# Recommend An Inexpensive Chinese Or Russian?



## gallch (Jan 7, 2007)

Hi all, sorry I don't post so much any more. So....my daughter has been wearing my Vostok 1943 and my Alpha Seamaster homage and in both instances one or more numerals have come loose from the face. Two questions - one, is it worth getting them repaired or do you all reckon that's uneconomic ? Second question - what would you recommend as an inexpensive replacement? She likes unusual, larger-sized automatic watches but funds are very tight hence an interest in Russian or Chinese. All advice gratefully received.


----------



## Kutusov (Apr 19, 2010)

Just my opinion but I would say that unless you can fix them yourself, no, it's not worth the repair. Or at least not on the Alpha, the Vostok is another matter as I believe it's a better watch worth keeping.

As to cheap Chinese or Russian, I would go with Russian. Take a look at Meranon and the obvious Amphibias (automatic, bomb-proof, etc) or, maybe the Megapolis (Megapolice as they now seem to call it) range, lot's of unusual designs there.

At this price point, I think Russian is the way to go. Alpha has some really nice ones but I have this feeling they won't last as much as the Vostoks. Or at least we know that Vostok is a tried and true watch that will keep on running for decades even if you fill it up with sand


----------



## miroman (Dec 12, 2011)

In opposite, I'd recommend a 'Parnis' from a trusted seller, especially if the watch has to be large-sized automatic.

Another option is 'made by Seagull' for Conrad, the quality is at very high level, but there are not so many models.



Kutusov said:


> Just my opinion but I would say that unless you can fix them yourself, no, it's not worth the repair. Or at least not on the Alpha, the Vostok is another matter as I believe it's a better watch worth keeping.
> 
> As to cheap Chinese or Russian, I would go with Russian. Take a look at Meranon and the obvious Amphibias (automatic, bomb-proof, etc) or, maybe the Megapolis (Megapolice as they now seem to call it) range, lot's of unusual designs there.
> 
> At this price point, I think Russian is the way to go. Alpha has some really nice ones but I have this feeling they won't last as much as the Vostoks. Or at least we know that Vostok is a tried and true watch that will keep on running for decades even if you fill it up with sand


----------



## chris.ph (Dec 29, 2011)

you can get really cheap good looking mechanicals on the bay, look for jaragar, goer or k&s, ive got 12 of them all for under 20quid


----------



## Kutusov (Apr 19, 2010)

What about the Rotary Roy has for sale? Or big, quartz watches for peanuts on Amazon uk? Stuff like Diesel, ****, Accurist... lots of cheap watches that look nice and will last for a long time.

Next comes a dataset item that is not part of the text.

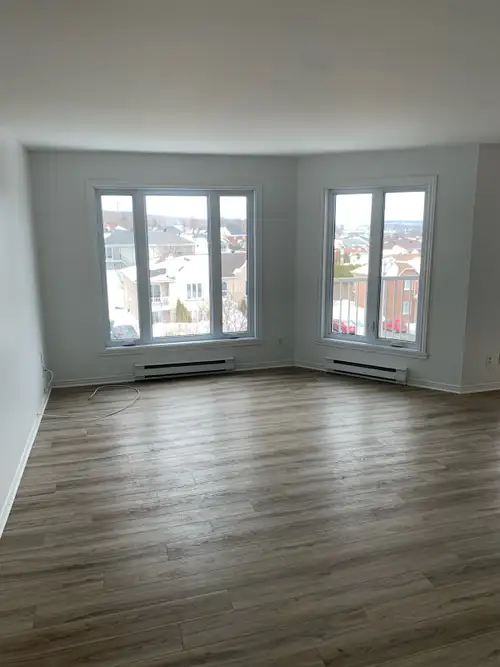 Disponible 1 juin 2026 Charlesbourg / Montagnes des Roches, 5 1/2, troisième étage, grand salon, sal...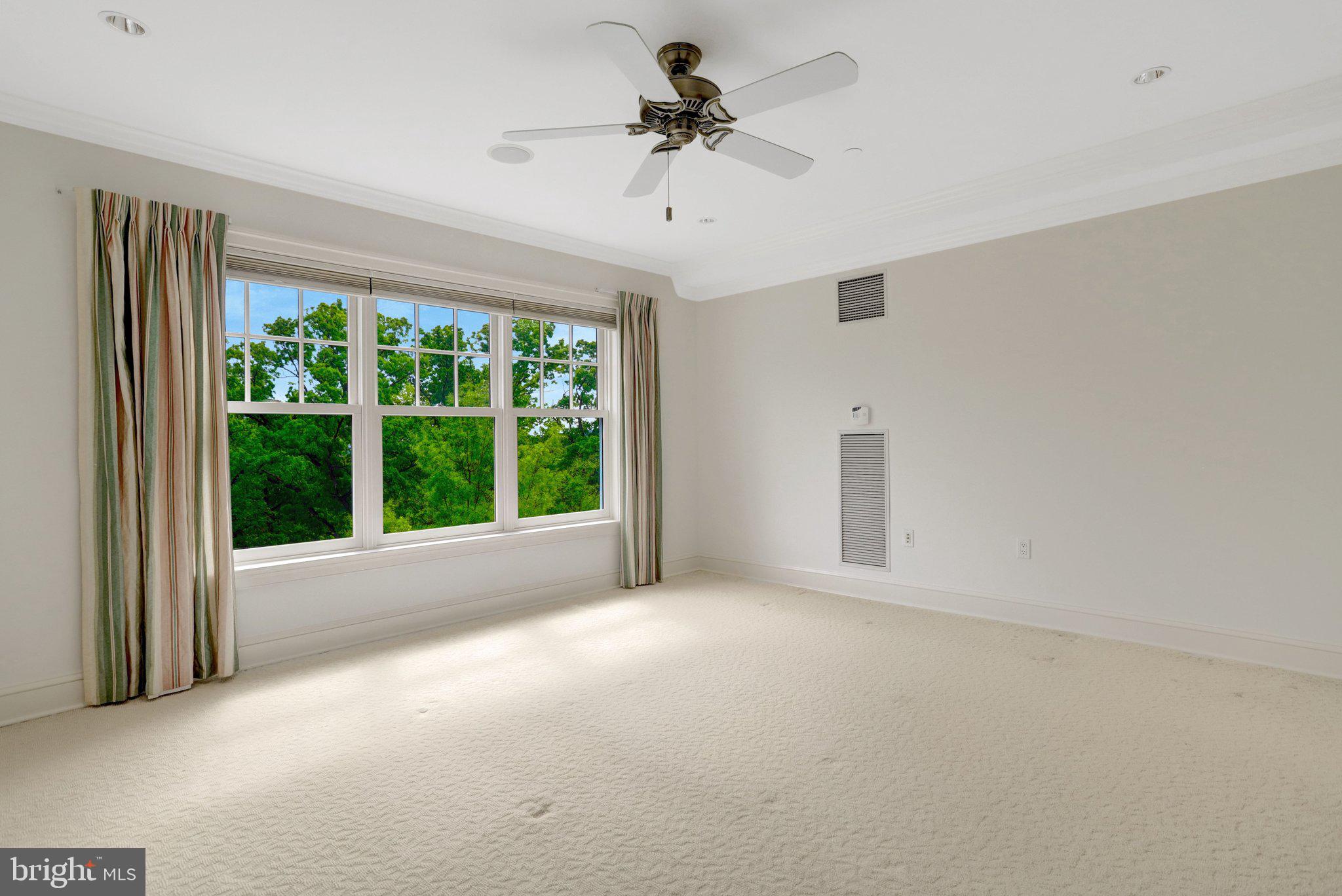 ROSSLYN - Residential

Edit... it's a brand, that ****, not a curse word but close. Let me try again FC UK: French Connection UK


----------



## gallch (Jan 7, 2007)

Thanks everyone, all v helpful. BTW, I meant Planet Ocean, not Seamaster, just a senior moment : )


----------



## Rekhmire (Mar 23, 2013)

Thanks to Chris PH for recommending Jaragar. I'd never heard of them, so I checked on The Bay and made an impulse purchase. Â£21.00 inc postage for a watch which has the look of something costing considerably more. Pics to follow when not on my phone!


----------



## Rekhmire (Mar 23, 2013)

Duplicated


----------



## Cheeseboy24 (May 4, 2013)

Have been looking on the bay recently for a vintage Russian, think that they look great and offer exceptional value. Just so many to chose from though....


----------